WORK REQUEST
Using the records below, return exactly the lines from the one containing "soy un hombre" through the last, and omit pictures.

==*==

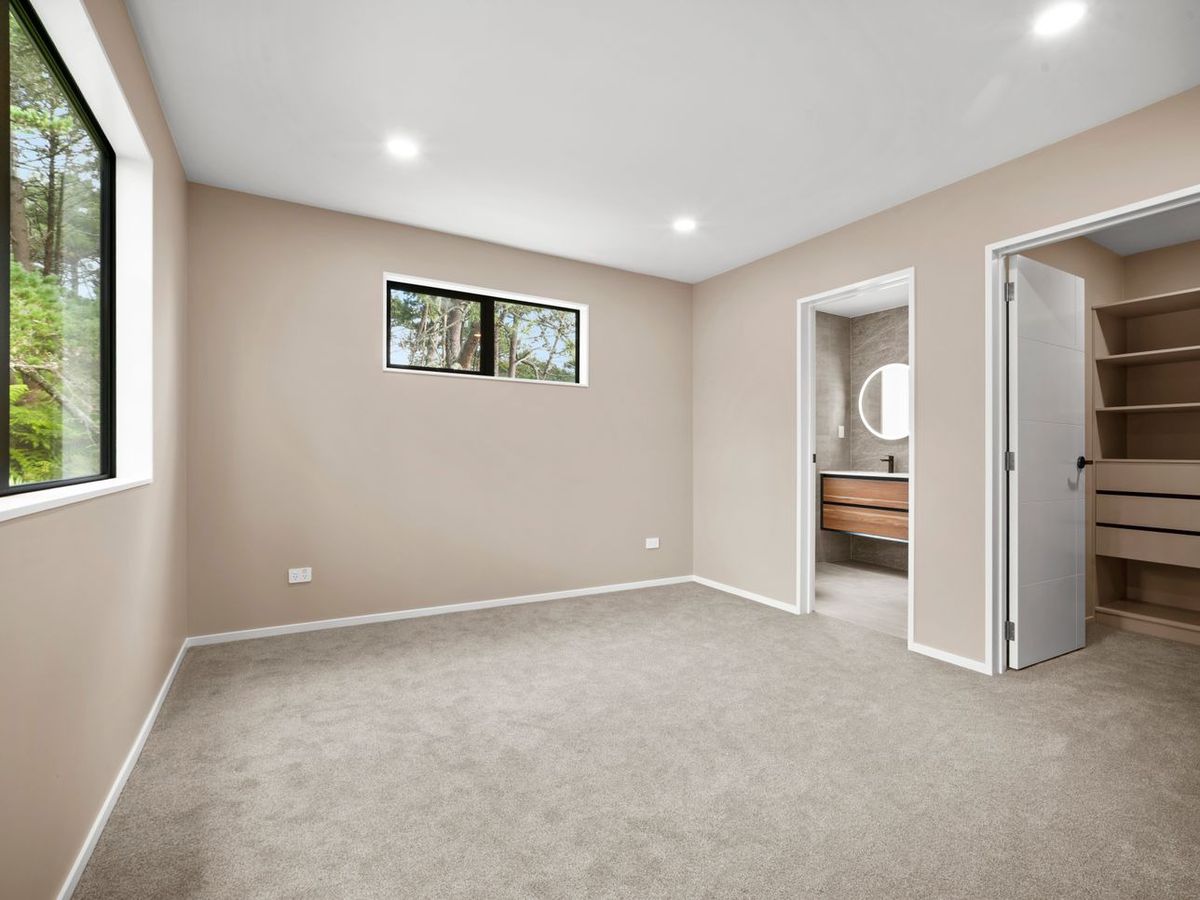 For rent, Standalone 3 beds 2 baths townhouse with garage, Available Now, 25D Lavery Place, Sunnynook, Auckland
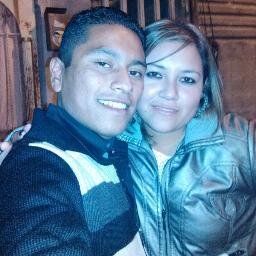 soy un hombre felizmente casado con 2 hijos hermosos y pues me gusta mucho salir con mi familia al cine, jugar fut bol y escuchar musica.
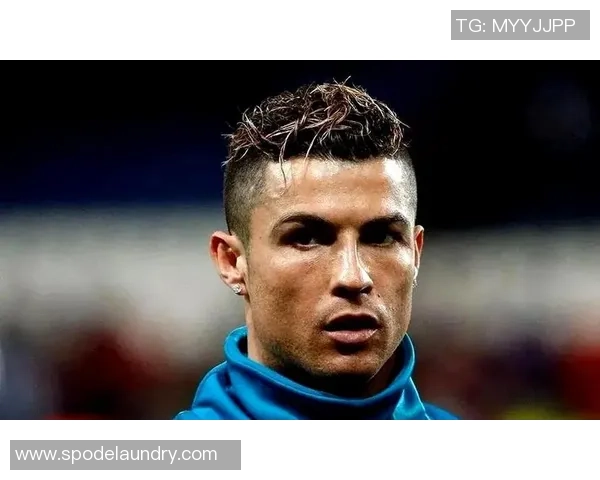 足球明星侧脸魅力尽显帅气风采的完美瞬间展示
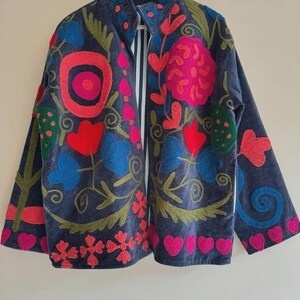 Handcrafted Suzani Velvet Jacket Floral Embroidered Winter <b>Coat</b> Bohemian Ethnic Outerwear Factory Direct Wholesale Price - Product Image 2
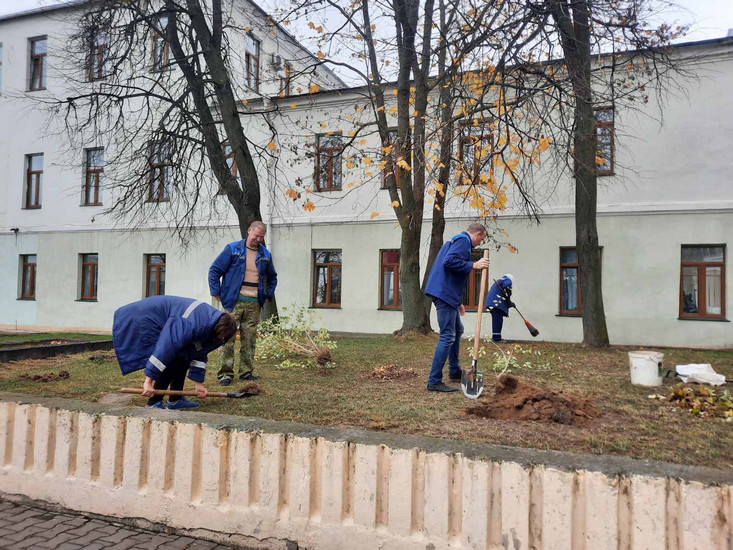 участие в субботнике_МГУ_Кулешова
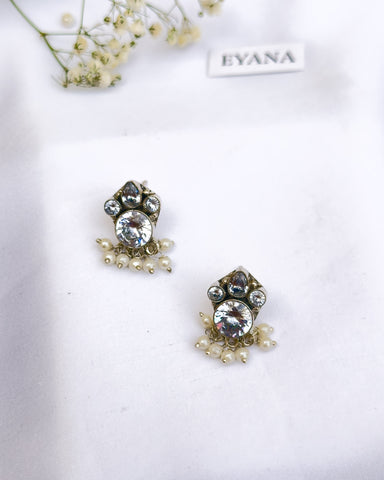 Riana Studs White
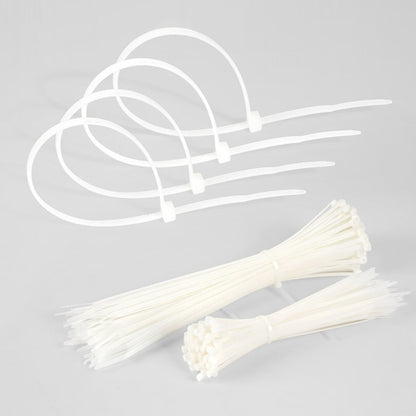 Detalle de las bridas blancas de nylon 66 de Fabrilamp, ideales para uso interior y exterior.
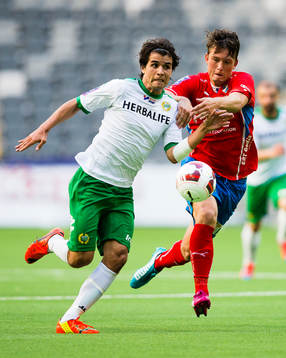 Hammarbys Lars Fuhre i kamp om bollen med Östers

==*==

EXERCISE RESULT
 soy un hombre felizmente casado con 2 hijos hermosos y pues me gusta mucho salir con mi familia al cine, jugar fut bol y escuchar musica.
 足球明星侧脸魅力尽显帅气风采的完美瞬间展示
 Handcrafted Suzani Velvet Jacket Floral Embroidered Winter <b>Coat</b> Bohemian Ethnic Outerwear Factory Direct Wholesale Price - Product Image 2
 участие в субботнике_МГУ_Кулешова
 Riana Studs White
 Detalle de las bridas blancas de nylon 66 de Fabrilamp, ideales para uso interior y exterior.
 Hammarbys Lars Fuhre i kamp om bollen med Östers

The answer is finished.